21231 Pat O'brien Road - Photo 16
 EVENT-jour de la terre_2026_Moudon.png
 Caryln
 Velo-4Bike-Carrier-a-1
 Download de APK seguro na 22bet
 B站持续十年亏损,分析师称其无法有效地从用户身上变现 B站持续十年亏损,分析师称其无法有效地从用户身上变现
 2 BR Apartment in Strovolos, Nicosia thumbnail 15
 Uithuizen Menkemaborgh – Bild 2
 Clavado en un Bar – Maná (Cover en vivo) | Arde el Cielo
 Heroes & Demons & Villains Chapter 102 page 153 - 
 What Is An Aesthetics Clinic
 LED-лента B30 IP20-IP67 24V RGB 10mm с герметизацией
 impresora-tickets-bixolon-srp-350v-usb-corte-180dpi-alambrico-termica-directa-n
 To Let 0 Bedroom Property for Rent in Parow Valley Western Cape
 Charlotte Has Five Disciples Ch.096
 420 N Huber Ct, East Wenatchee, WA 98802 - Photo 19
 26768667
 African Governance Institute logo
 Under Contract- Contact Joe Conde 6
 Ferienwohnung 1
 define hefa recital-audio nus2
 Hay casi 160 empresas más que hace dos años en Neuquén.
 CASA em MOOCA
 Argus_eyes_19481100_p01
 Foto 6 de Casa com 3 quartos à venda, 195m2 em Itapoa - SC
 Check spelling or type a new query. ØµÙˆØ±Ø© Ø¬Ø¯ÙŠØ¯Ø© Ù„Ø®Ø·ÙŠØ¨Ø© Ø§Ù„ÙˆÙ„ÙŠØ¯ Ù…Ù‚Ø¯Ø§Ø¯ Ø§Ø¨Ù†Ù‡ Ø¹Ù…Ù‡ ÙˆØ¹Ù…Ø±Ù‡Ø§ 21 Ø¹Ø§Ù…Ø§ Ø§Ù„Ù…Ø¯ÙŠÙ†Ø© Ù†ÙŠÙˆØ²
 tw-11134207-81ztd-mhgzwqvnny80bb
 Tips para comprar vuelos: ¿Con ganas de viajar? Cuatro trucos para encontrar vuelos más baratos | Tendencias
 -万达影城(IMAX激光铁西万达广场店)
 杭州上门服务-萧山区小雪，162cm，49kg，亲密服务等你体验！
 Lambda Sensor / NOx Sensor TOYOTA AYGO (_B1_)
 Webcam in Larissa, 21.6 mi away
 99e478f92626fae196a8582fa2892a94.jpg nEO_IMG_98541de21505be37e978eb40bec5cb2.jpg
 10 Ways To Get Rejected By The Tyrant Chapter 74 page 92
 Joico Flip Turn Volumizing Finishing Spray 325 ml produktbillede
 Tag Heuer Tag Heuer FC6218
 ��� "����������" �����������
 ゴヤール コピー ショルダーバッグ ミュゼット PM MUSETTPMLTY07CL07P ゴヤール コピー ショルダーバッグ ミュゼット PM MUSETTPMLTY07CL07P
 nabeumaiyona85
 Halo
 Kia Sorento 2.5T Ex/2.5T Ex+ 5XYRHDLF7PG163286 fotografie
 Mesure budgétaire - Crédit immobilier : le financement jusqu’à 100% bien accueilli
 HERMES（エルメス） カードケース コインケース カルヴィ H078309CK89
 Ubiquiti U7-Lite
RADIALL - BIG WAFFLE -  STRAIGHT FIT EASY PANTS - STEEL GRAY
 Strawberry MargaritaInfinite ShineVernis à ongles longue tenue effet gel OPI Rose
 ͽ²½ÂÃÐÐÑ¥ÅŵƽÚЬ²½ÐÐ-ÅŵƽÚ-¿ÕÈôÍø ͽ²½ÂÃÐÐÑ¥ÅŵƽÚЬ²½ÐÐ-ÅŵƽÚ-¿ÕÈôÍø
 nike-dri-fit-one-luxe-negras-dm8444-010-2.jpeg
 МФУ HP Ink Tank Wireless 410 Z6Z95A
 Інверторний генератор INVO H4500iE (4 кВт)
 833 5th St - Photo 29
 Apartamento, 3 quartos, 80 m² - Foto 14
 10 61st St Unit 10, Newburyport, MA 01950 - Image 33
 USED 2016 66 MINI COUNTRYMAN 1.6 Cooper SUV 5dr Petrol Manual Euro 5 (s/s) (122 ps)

• • •

What you need to do :: Lines in the data that hold "quartos" are to be counted, and the number alone reported.

Expected output :: 2